Other theoretical models therefore acknowledge that motor programs associated with tool use have an important role in the construction of tool representation, but deny that a necessary and sufficient relationship exists between the re-enactment of these sensory-motor processes and tool knowledge.

One of these models is the “ domains of knowledge” hypothesis, proposed by Caramazza (1998 ); Caramazza and Shelton (1998 ), Capitani et al. (2003) and Caramazza and Mahon (2003). This model acknowledges that conceptual knowledge is organized in categories at the brain level and holds that innate (rather than experience-dependent) factors subsume this categorical organization. It also assumes that natural selection produced specialized and therefore dissociable neural circuits for animals, “ fruit and vegetables,” tools and “ conspecifics,” because these categories have an important and specific role in human survival ( Caramazza and Mahon, 2003 ). One development of this model, called “ the distributed domain-specific hypothesis” ( Mahon and Caramazza, 2011 ), argues that innately determined patterns of connectivity mediate the integration of information critical for the organization of each domain of knowledge.

A different theoretical model, which acknowledges the important (but not exclusive) role of specific motor programs in the construction of tool representation, is the “ sensory-motor model of conceptual knowledge” ( Saffran and Schwartz, 1994 ; Gainotti et al., 1995 ; Chao et al., 1999 ; Chao and Martin, 2000 ; Gainotti, 2000 , 2005 ; Martin et al., 2000 ; Martin and Chao, 2001 ; Martin, 2007 ). This model holds that various perceptual, motor and encyclopedic sources of knowledge have different weights in the construction of different living and artifact categories and attributes their role to experience-dependent (rather than innate) factors. Data supporting and contrasting each of these models will be briefly discussed in the following sections of this review.

Data Supporting and Contrasting the “ Strong” Version of the “ Embodied Cognition Theory”

As a general rule, data supporting the “ strong” version of the “ embodied cognition theory” come from functional neuroimaging experiments, whereas data weakening or undermining this theory come from the field of brain pathology.

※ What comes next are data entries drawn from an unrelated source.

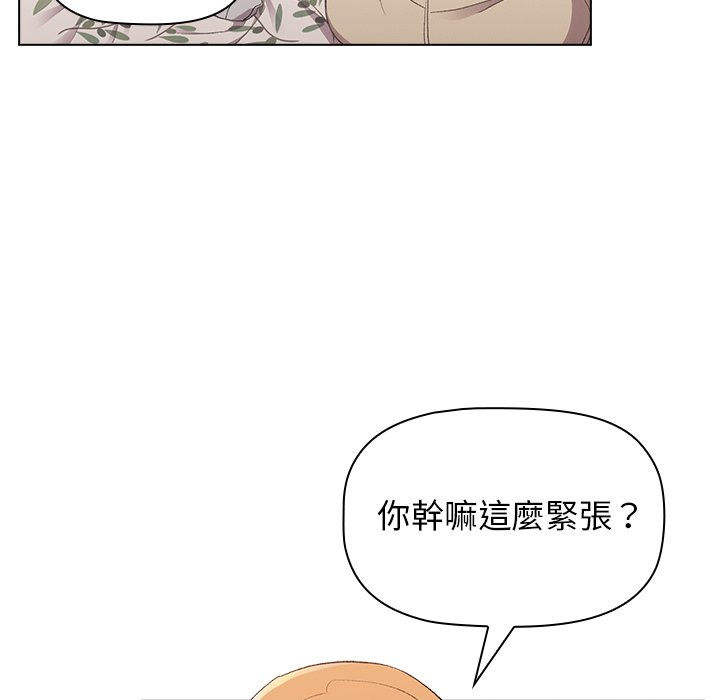分組換換愛 第3章 第69页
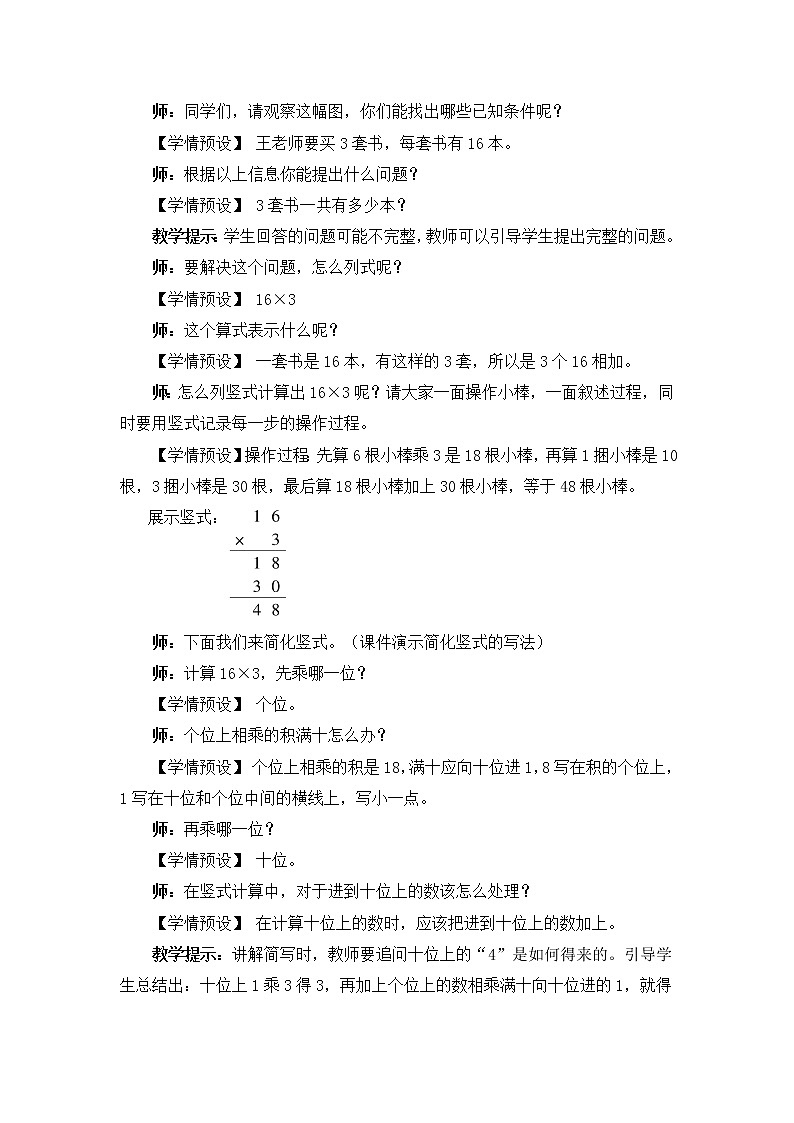 6.4 两、三位数乘一位数（一次进位）的笔算（课件PPT+教案+同步练习含答案）02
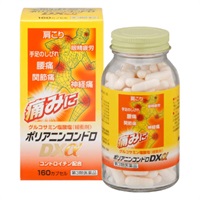 【第3類医薬品】ビタミン製剤 ポリアニンコンドロDX α 160錠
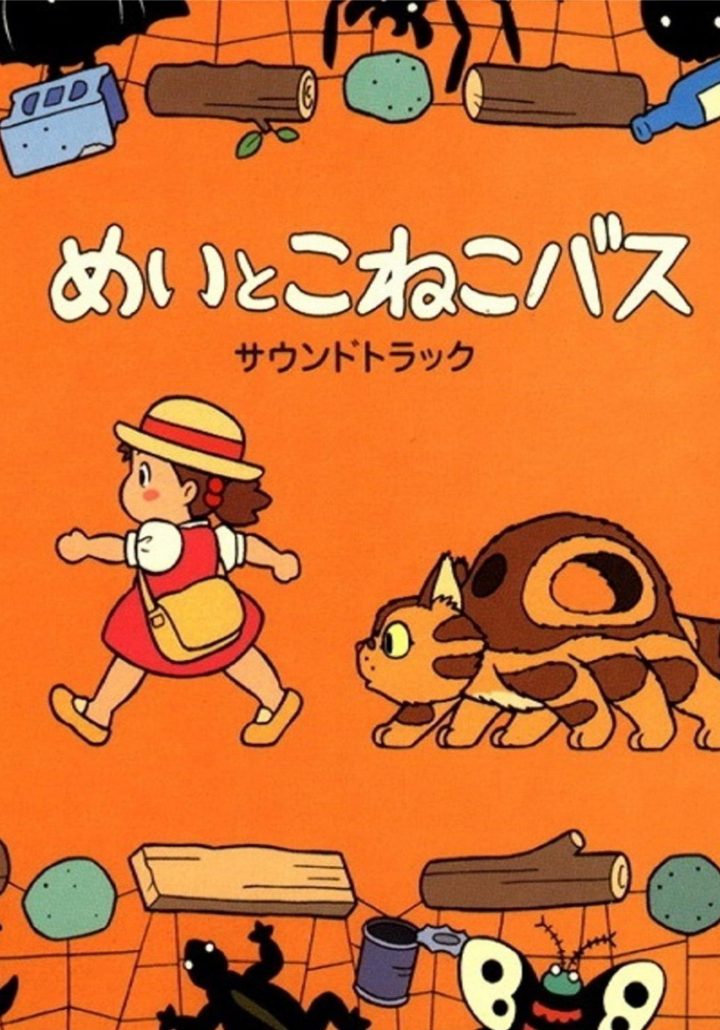 Ghibli乐园将上映短片《梅与小猫巴士》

Several authors have documented that the left inferior frontal and parietal areas are selectively activated when subjects perform tasks with tool stimuli but not with non-manipulable objects (see Grèzes and Decety, 2001 ; Martin and Chao, 2001 and Caramazza and Mahon, 2006 for reviews). Other authors (e. g., Hauk et al., 2004 ; Buccino et al., 2005 ; Tettamanti et al., 2005 ; Kemmerer et al., 2008 ; Pulvermuller et al., 2009 ; Arévalo et al., 2012 ) have shown that a more fine grained relationship exists between actions performed with tool stimuli and activation of specific frontal and parietal areas. Indeed, when normal subjects are presented with stimuli involving actions that refer to specific body parts (such as objects associated with the use of the hand, mouth or foot), activation prevails in the corresponding somatotopically organized cortical areas. Therefore, the activation peak for each effector corresponds with the somatotopic organization of the motor homunculus, which was first described by Penfield and Boldrey (1958).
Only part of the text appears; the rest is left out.